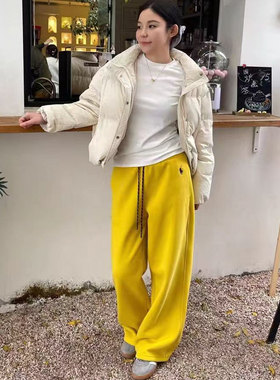 21019春季新款松紧腰抽绳系洋气休闲裤宽松显瘦百搭直筒裤拖地裤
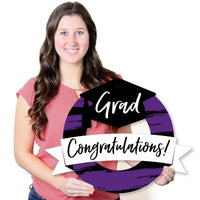 Purple Grad - Best is Yet to Come - Outdoor Purple Graduation Party Decor - Front Door Wreath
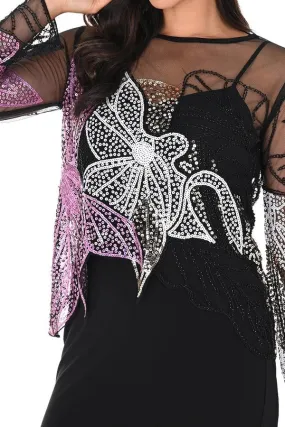 Frank Lyman Knit Mesh Top Black/Pink # 248217U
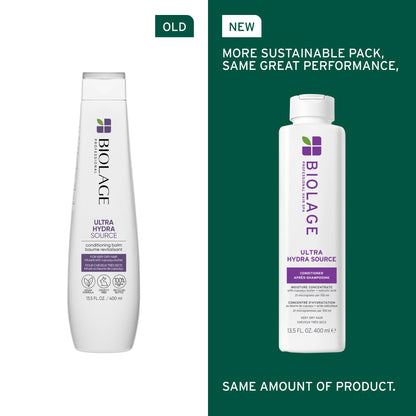 Biolage Conditioner, Ultra HydraSource Conditioning Balm, Hydrating Conditioner for Very Dry Hair, Curly Hair Conditioner, Moisturizes and Softens Hair, Sulfate Free, Silicone Free, Paraben Free, Vegan BIOLAGE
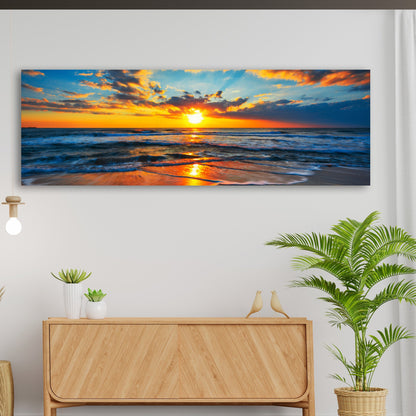 Sunrise On Atlantic Ocean Canvas Wall Art II by Tailored Canvases, vivid dawn hues on Tampa Home & Garden Store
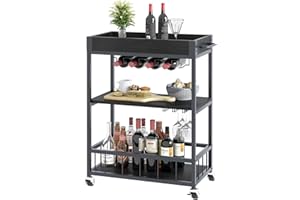 Azheruol Bar Cart Serving Wine 3 Tier Home Rolling Rack with Wheels Mobile Kitchen Industrial Vintage Style Wood Metal Serving Trolley Serving Cart, Drink Cart for Living Room Kitchen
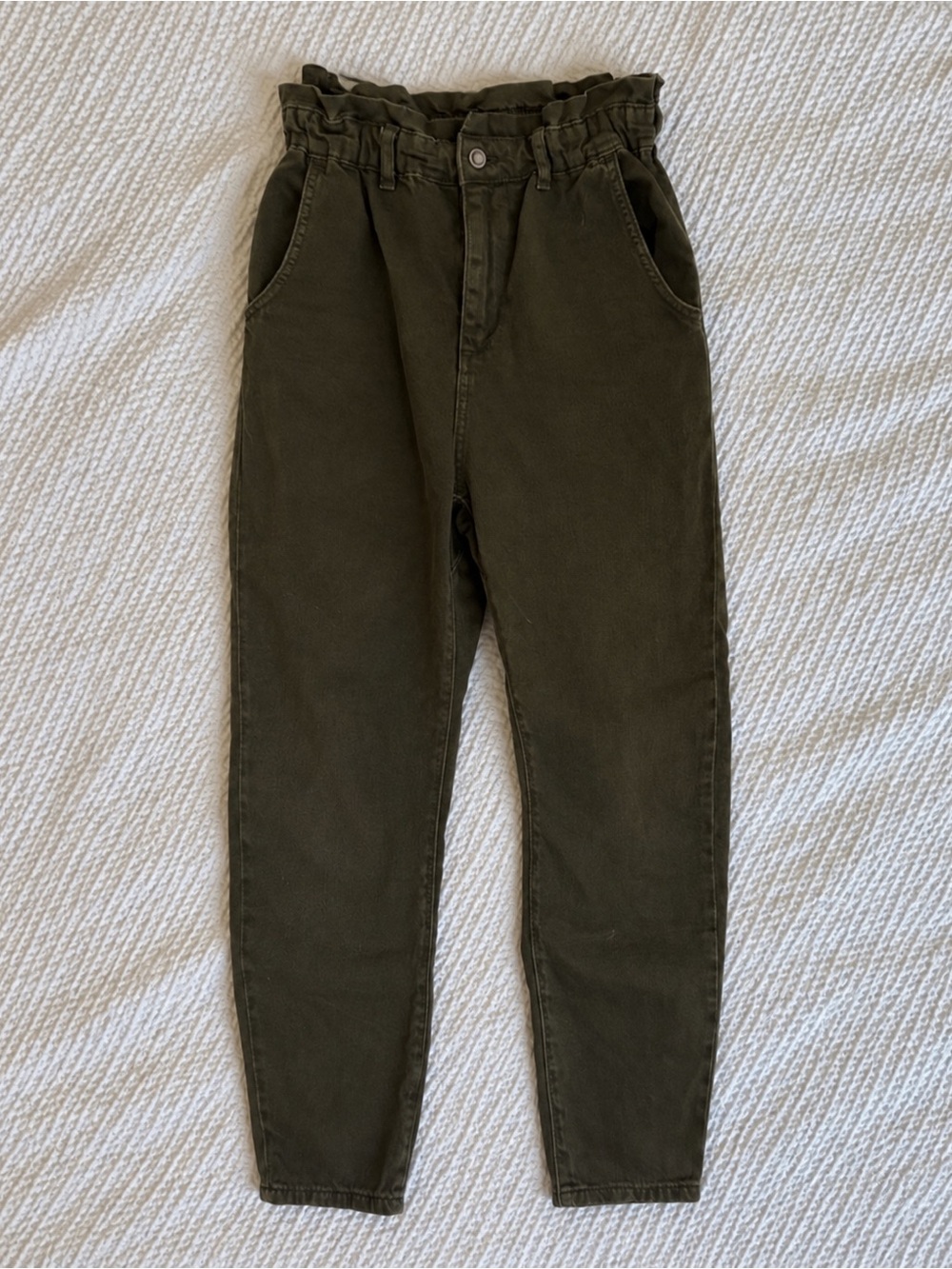Zara Dark Olive Paperbag Waist Ankle Pants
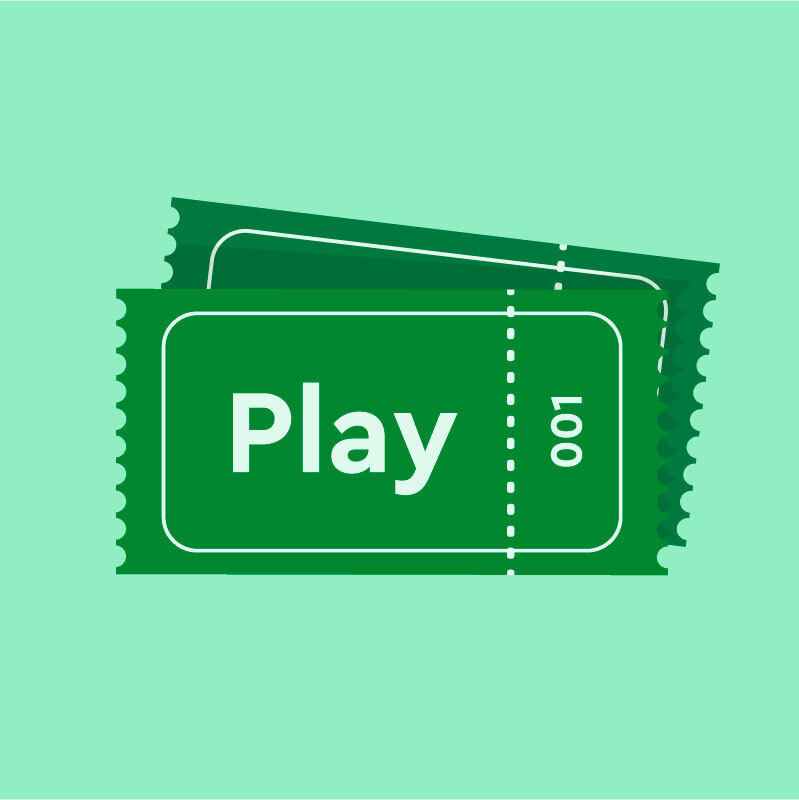 A dark green raffle ticket with the word 'Play' on it on a light green background.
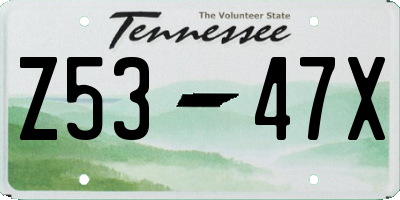 TN license plate Z5347X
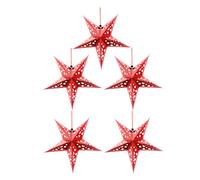 Amosfun 5pcs Paper Star Lantern Lampshade 3D Pentagram Lampshade Hanging Christmas Tree Pendant for Xmas Wedding Birthday Party Home Decor 30cm (Red)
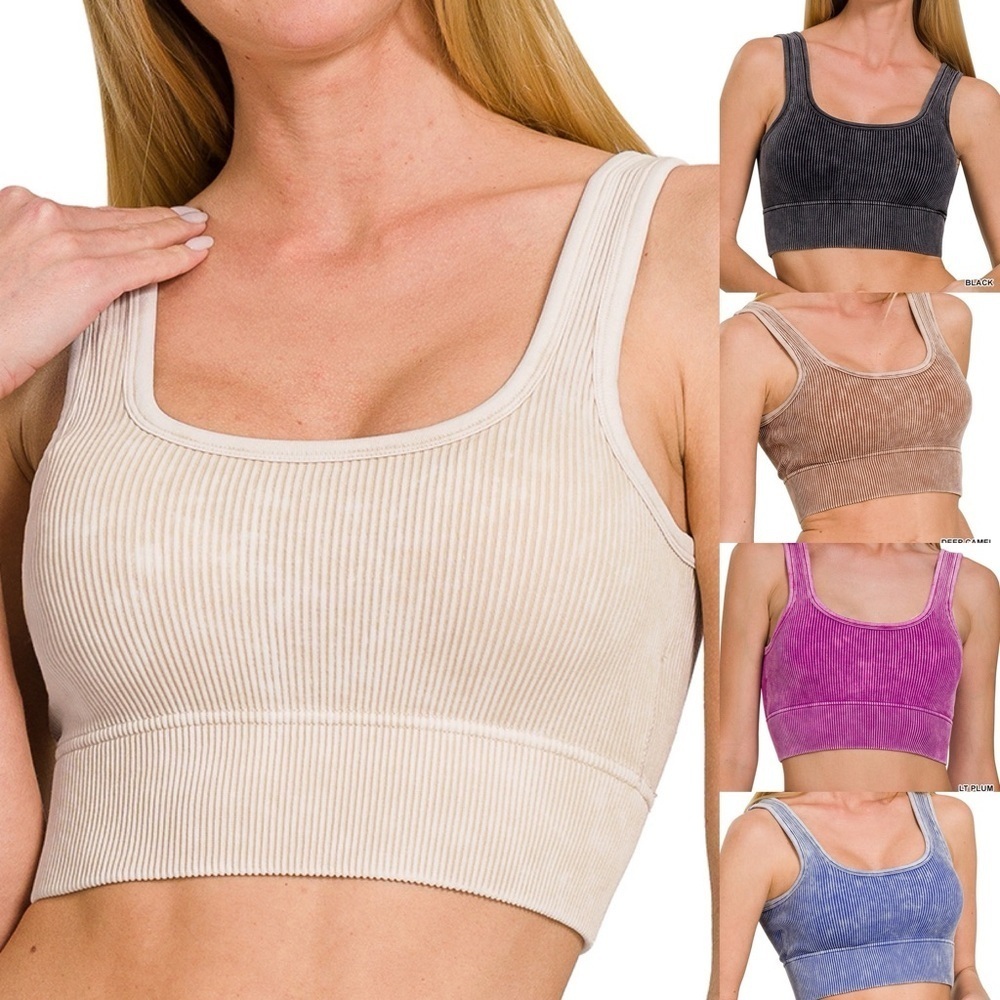 “ Aurora Bralette ” Cropped Ribbed Tank | Various Colors - Picture 1 of 10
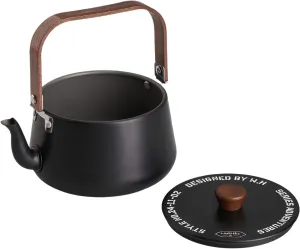 [Mokcoliy]【Camping Essential】1.1L【Fast-Boil Aluminum Kettle】with Ergonomic Walnut, Lightweight Outdoor Cooking Pot for Hikers (ium Colors),【198g】Space-Saving Design for Backpacking/Campfire Use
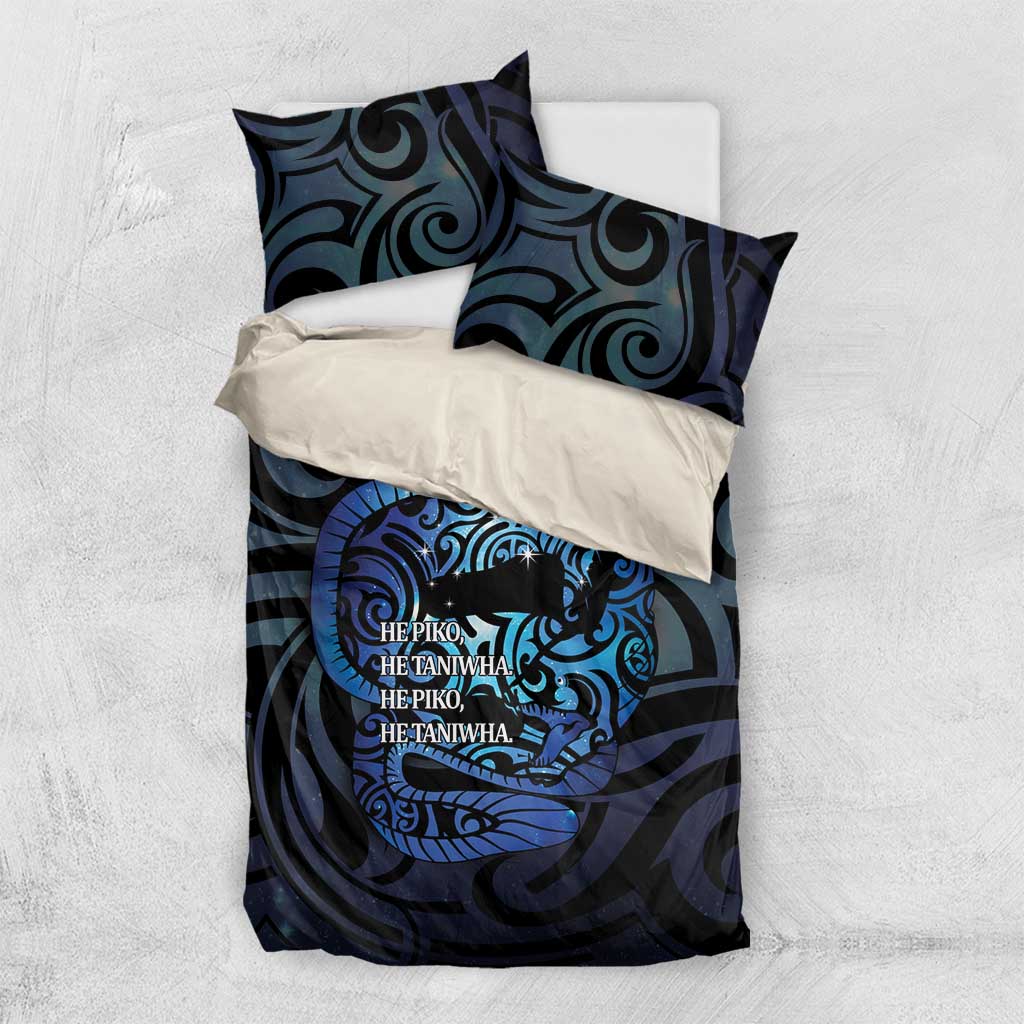 Tuna Eel New Zealand Matariki Bedding Set He Piko He Taniwha Maori Pattern LT14 US Twin 172cm x 218cm Purple - Polynesian Pride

——

Exercise brief: In the listing above, find the line with "Azheruol Bar Cart" and the line with "TN license plate Z5347X". Set down exactly those lines and everything between them, skipping pictures.

Solution to this problem:
 Azheruol Bar Cart Serving Wine 3 Tier Home Rolling Rack with Wheels Mobile Kitchen Industrial Vintage Style Wood Metal Serving Trolley Serving Cart, Drink Cart for Living Room Kitchen
Zara Dark Olive Paperbag Waist Ankle Pants
 A dark green raffle ticket with the word 'Play' on it on a light green background.
 TN license plate Z5347X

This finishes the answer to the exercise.